Комната оказалась маленькой, скромной, но чистой. Я поставил портплед на кровать и немного посидел на краю матраца, глубоко дыша и пытаясь расслабиться. Но чувствовал себя все хуже. Я встал и пошел в ванную. Алекс по дороге останавливался у аптеки, и я купил медицинские принадлежности. Запах бинтов, антисептического крема и пластыря внезапно напомнил мне о том времени, когда Деррин работала медсестрой. Потом вспомнилось, как она ухаживала за моим лицом три недели спустя после приезда ко мне в Южную Африку. Я упал, спасаясь от перестрелки в Соуэто.
— Сегодня стери-стрип, — сказала она, накладывая прозрачный пластырь на рану возле глаза. — Я не хочу, чтобы завтра ты оказался в гробу.
Я скользнул взглядом по своим забинтованным пальцам, по телу, все еще обмотанному клейкой пленкой — по краям ее скапливалась кровь, запекаясь на спине густыми, темными завитками. Сами раны я не видел и вряд ли хотел бы увидеть. Однако знал, что у меня не хватит мужества снять пленку.
Пока еще рано.
Приведя себя в порядок, я подошел к кровати и лег на живот лицом к двери.

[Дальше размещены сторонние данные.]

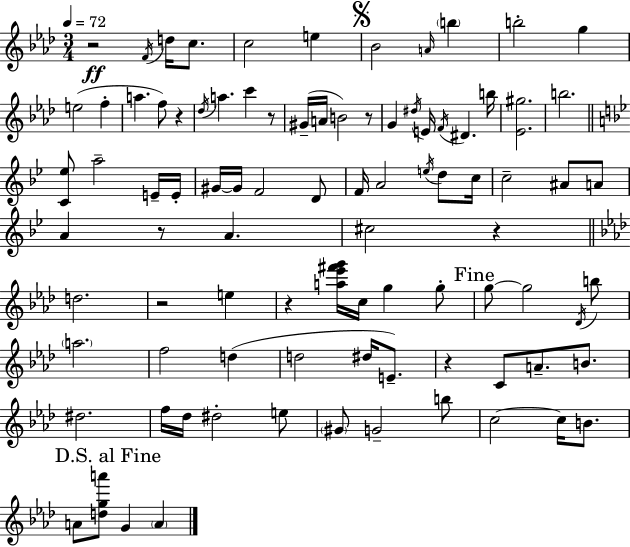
{
  \clef treble
  \numericTimeSignature
  \time 3/4
  \key aes \major
  \tempo 4 = 72
  r2\ff \acciaccatura { f'16 } d''16 c''8. | c''2 e''4 | \mark \markup { \musicglyph "scripts.segno" } bes'2 \grace { a'16 } \parenthesize b''4 | b''2-. g''4 | \break e''2( f''4-. | a''4. f''8) r4 | \acciaccatura { des''16 } a''4. c'''4 | r8 gis'16--( a'16 b'2) | \break r8 g'4 \acciaccatura { dis''16 } e'16 \acciaccatura { f'16 } dis'4. | b''16 <ees' gis''>2. | b''2. | \bar "||" \break \key g \minor <c' ees''>8 a''2-- e'16-- e'16-. | gis'16~~ gis'16 f'2 d'8 | f'16 a'2 \acciaccatura { e''16 } d''8 | c''16 c''2-- ais'8 a'8 | \break a'4 r8 a'4. | cis''2 r4 | \bar "||" \break \key aes \major d''2. | r2 e''4 | r4 <a'' ees''' fis''' g'''>16 c''16 g''4 g''8-. | \mark "Fine" g''8~~ g''2 \acciaccatura { des'16 } b''8 | \break \parenthesize a''2. | f''2 d''4( | d''2 dis''16 e'8.--) | r4 c'8 a'8.-- b'8. | \break dis''2. | f''16 des''16 dis''2-. e''8 | \parenthesize gis'8 g'2-- b''8 | c''2~~ c''16 b'8. | \break \mark "D.S. al Fine" a'8 <d'' g'' a'''>8 g'4 \parenthesize a'4 | \bar "|."
}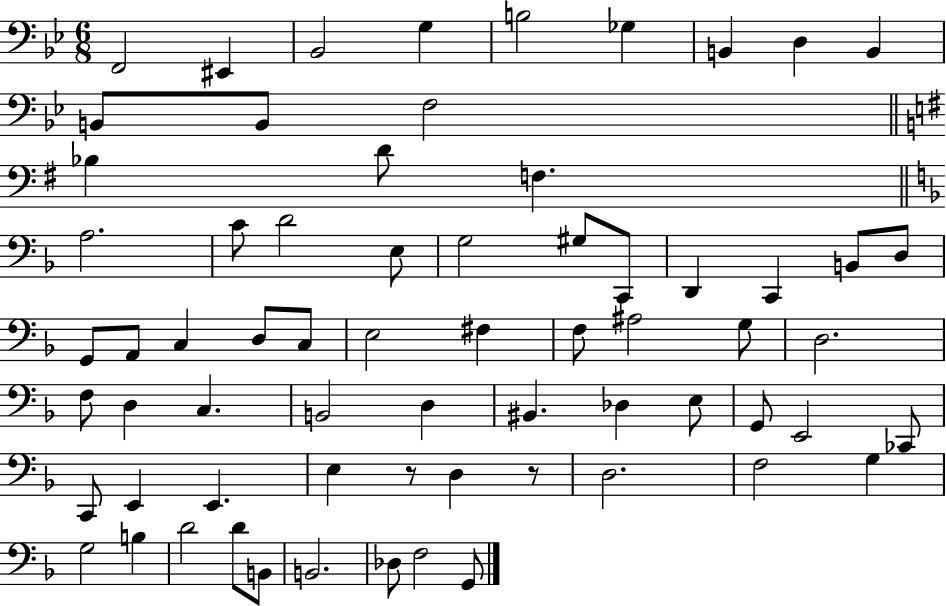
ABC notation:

X:1
T:Untitled
M:6/8
L:1/4
K:Bb
F,,2 ^E,, _B,,2 G, B,2 _G, B,, D, B,, B,,/2 B,,/2 F,2 _B, D/2 F, A,2 C/2 D2 E,/2 G,2 ^G,/2 C,,/2 D,, C,, B,,/2 D,/2 G,,/2 A,,/2 C, D,/2 C,/2 E,2 ^F, F,/2 ^A,2 G,/2 D,2 F,/2 D, C, B,,2 D, ^B,, _D, E,/2 G,,/2 E,,2 _C,,/2 C,,/2 E,, E,, E, z/2 D, z/2 D,2 F,2 G, G,2 B, D2 D/2 B,,/2 B,,2 _D,/2 F,2 G,,/2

И спустя двенадцать беспокойных часов проснулся.
49
Я поехал к Мэри тринадцатого декабря, через одиннадцать дней после ее визита. Близился вечер. Машину я вел с трудом, всю дорогу сидел, подавшись вперед. Спина моя затекла после сна, и я чувствовал, как пленка отходит. К тому времени, когда я вылез из машины, боль пронизывала позвоночник.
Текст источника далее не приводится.